When the angel appeared to Mary to tell her she would give birth to the Messiah, there was no mention of Joseph. Mary didn’t say, ‘Before I agree to this, I’d better check with Joseph. I wouldn’t want to be an unmarried mother in this culture.’
Mary agreed before she knew Joseph’s reaction.
The angel told Mary she had found favour with God and yet favour meant she had to live with criticism and disapproval from those closest to her. Perhaps from people she had known all her life.
The reality of Mary’s cultural situation didn’t strike me until I went to a Christmas pageant at my local church. The pageant portrayed Mary and Joseph’s journey to Bethlehem. One song acted out the snide remarks that would have been made to Mary and the way she was no longer accepted by her friends. Other parents may not have wanted Mary’s supposedly bad example rubbing off on their daughters.
God called Mary to a difficult situation which was also a dilemma for Joseph. He could have subjected Mary to public disgrace. Stoning was also possible (Deuteronomy chapter 22 verses 20–21).
However, an angel intervened.
‘Joseph, to whom she [Mary] was engaged, was a righteous man and did not want to disgrace her publicly, so he decided to break the engagement quietly.
As he considered this, an angel of the Lord appeared to him in a dream. “Joseph, son of David,” the angel said, “do not be afraid to take Mary as your wife. For the child within her was conceived by the Holy Spirit.”’ (Matthew chapter 1 verses 19–20).
God called Mary to step outside cultural norms and live under a cloud of misunderstanding. She would have been ostracized, ignored and snubbed.
Jesus, the ordinary child
Time passed. When Jesus was 12, he went with his family to Jerusalem and stayed behind without his parents’ knowledge. When Mary finds Jesus, she is surprised that he had caused them angst.

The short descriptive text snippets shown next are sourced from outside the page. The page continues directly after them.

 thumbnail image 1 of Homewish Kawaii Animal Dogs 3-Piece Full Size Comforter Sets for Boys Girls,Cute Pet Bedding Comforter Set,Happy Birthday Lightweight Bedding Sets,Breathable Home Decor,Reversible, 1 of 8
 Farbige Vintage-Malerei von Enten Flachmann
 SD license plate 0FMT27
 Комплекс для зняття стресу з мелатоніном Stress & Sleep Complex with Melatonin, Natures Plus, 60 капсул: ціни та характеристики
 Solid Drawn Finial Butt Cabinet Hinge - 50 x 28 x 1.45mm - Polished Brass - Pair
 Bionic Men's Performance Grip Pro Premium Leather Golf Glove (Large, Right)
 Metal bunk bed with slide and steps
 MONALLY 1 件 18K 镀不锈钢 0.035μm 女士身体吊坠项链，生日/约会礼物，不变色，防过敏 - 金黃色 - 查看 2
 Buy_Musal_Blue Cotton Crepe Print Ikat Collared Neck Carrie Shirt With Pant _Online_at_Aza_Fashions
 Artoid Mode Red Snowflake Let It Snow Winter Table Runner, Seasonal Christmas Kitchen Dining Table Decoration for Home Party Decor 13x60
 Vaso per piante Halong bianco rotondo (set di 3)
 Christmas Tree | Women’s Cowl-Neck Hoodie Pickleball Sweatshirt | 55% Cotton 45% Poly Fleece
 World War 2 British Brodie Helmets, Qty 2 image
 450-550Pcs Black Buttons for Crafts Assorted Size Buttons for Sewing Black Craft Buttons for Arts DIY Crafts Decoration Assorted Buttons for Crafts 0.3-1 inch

‘“Son,’ his mother said to him, ‘why have you done this to us? Your father and I have been frantic, searching for you everywhere.” ’ (Luke chapter 2 verse 48).
For 12 years, Jesus hadn’t done anything extraordinary. He seemed like an ordinary child. Perhaps Mary had stopped wondering about the amazing things that had been said about him by angels, shepherds, wise men, and the prophets they met in the temple.
Jesus’ reply suggests that Mary and Joseph should have known he had another agenda, ‘“But why did you need to search?” he asked. “Didn’t you know that I must be in my Father’s house?’ But they didn’t understand what he meant.’ (Luke chapter 2 verses 49–50).
Why didn’t they understand?
I’m sure Luke would have asked Mary about Jesus’ childhood and what indications there were that he was the Messiah, but this is the only recorded incident from his childhood.
The miraculous becomes ordinary
Mary had the amazing privilege of birthing and nurturing God’s own Son. Yet she seems to have become so accustomed to the miraculous events surrounding Jesus’ birth, that they no longer impacted her life.
We too can become overly familiar with the miraculous. We don’t notice the changes God makes in our lives and the lives of those we know. Perhaps we’re more peaceful than we used to be, less inclined to get angry, and more loving towards others.
Often, it’s only when we look back on our lives, we can see that God has changed us. We forget the amazing answers to prayer we experienced or the way God has orchestrated events in our lives. We become complacent. The miraculous becomes ordinary.
Living with misunderstanding
When Jesus started his ministry, he preached in his hometown, but the people were unimpressed:
‘They scoffed, “He’s just a carpenter, the son of Mary.”’ (Mark chapter 6 verse 3).
Historians tell us that a Jewish man was only called by his mother's name if his father was unknown. Their comments suggest they were questioning Jesus' legitimacy.
Here was Jesus’ opportunity to put the record straight and explain the circumstances of his birth. He could have exonerated Mary for being pregnant outside of marriage. But he doesn’t do it. He doesn’t restore Mary’s reputation. I wonder if she was disappointed.
Sometimes we have to live with the pain of being misunderstood. We may be faithfully following the Lord in what we believe is our God-given ministry, but not everyone will be supportive or believe we have heard from God. Our challenge is to press on regardless of the opinions of others, believing that God will fulfil his purposes.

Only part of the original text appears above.